*** Supplied material ***

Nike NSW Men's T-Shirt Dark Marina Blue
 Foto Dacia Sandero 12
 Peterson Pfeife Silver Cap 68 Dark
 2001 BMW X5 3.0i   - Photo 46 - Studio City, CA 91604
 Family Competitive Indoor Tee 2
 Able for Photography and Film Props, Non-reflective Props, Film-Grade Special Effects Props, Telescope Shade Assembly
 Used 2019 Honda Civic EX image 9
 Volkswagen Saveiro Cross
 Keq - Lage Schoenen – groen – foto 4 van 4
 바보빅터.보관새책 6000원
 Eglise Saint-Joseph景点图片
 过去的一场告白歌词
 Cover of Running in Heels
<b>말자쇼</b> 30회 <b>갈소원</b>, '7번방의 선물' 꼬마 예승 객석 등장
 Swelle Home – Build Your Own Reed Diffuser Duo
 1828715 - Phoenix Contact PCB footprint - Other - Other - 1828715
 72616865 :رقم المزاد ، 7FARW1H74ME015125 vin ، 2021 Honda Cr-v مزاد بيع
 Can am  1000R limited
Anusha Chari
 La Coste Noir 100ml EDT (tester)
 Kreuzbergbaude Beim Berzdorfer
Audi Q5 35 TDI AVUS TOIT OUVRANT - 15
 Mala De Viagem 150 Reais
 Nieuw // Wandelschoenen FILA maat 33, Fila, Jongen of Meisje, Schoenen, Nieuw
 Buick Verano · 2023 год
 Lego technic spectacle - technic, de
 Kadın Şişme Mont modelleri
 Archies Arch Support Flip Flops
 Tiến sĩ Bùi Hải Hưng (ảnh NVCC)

*** End of Supplied material ***

◆ Activity
Lines above with the word "Dark" should be counted, and the reply is that count alone.

◆ Answer to this task
2